The current mpox outbreak involves two main subtypes: Clade 1, which is endemic to the Congo Basin, and Clade 2, found in West Africa. The DRC is experiencing a surge in two Clade 1 strains: Clade 1a and the newly emerging Clade 1b. The latter, known for its rapid spread, has significantly contributed to the recent escalation.

While Clade 1 mpox is known to be more virulent than Clade 2, the WHO has yet to determine if Clade 1b is more dangerous than Clade 1a. Harris mentioned, “We don’t have data suggesting that Clade 1b causes more severe cases or fatalities compared to Clade 1a.”
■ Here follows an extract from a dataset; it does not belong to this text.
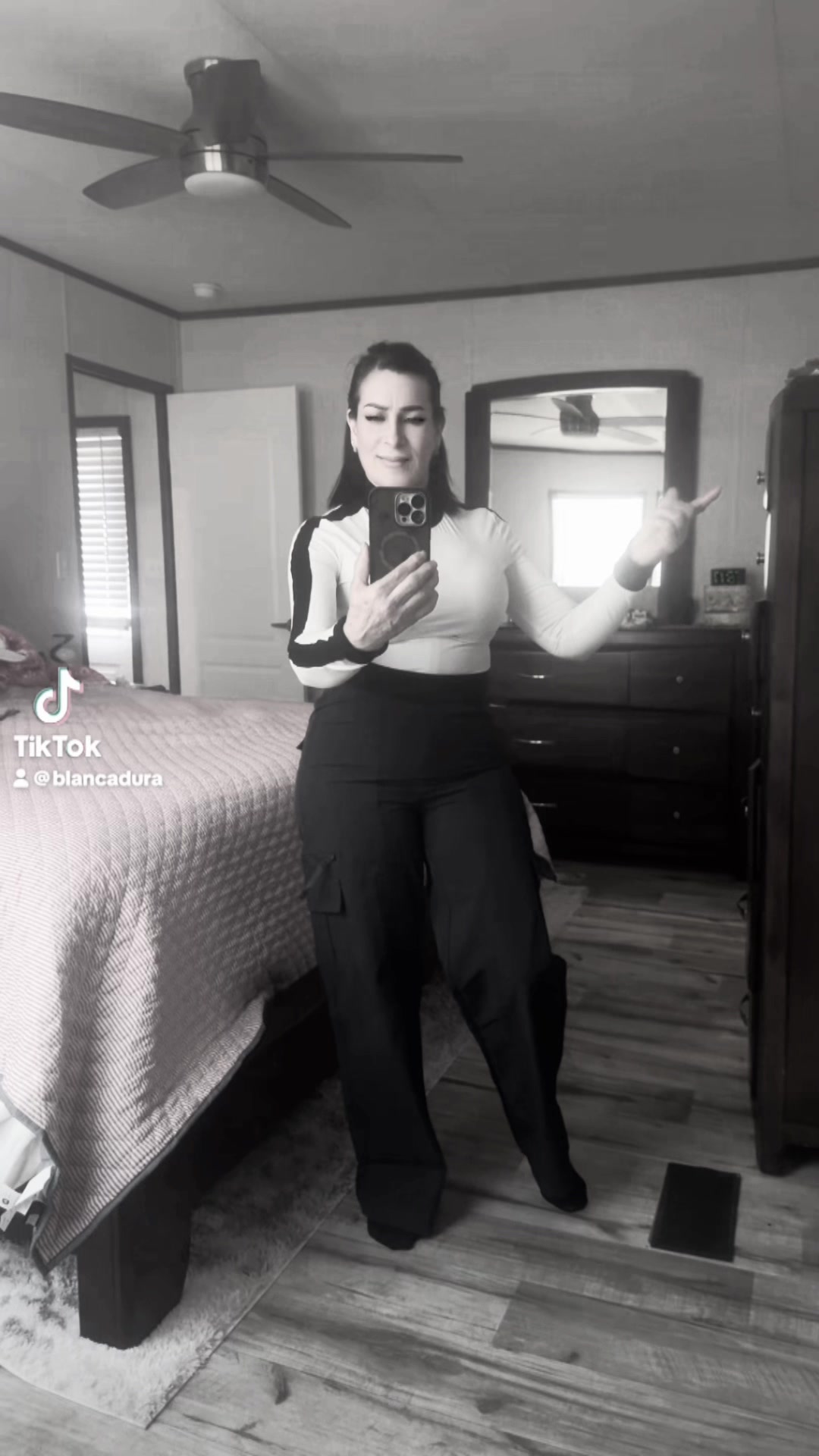 @🎀blankita💝de Chihuahua 🎀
To address the outbreak, the WHO is seeking $87.4 million from September to February to implement containment measures. The UN refugee agency has expressed concerns that displacement camps in affected regions could face severe impacts, stressing the urgent need for additional support to prevent a devastating crisis among refugees and displaced populations.

Allen Maina, UNHCR’s public health chief, highlighted the challenges of implementing mpox prevention in overcrowded shelters with poor sanitation and limited humanitarian assistance, emphasizing the need for immediate action to protect vulnerable communities.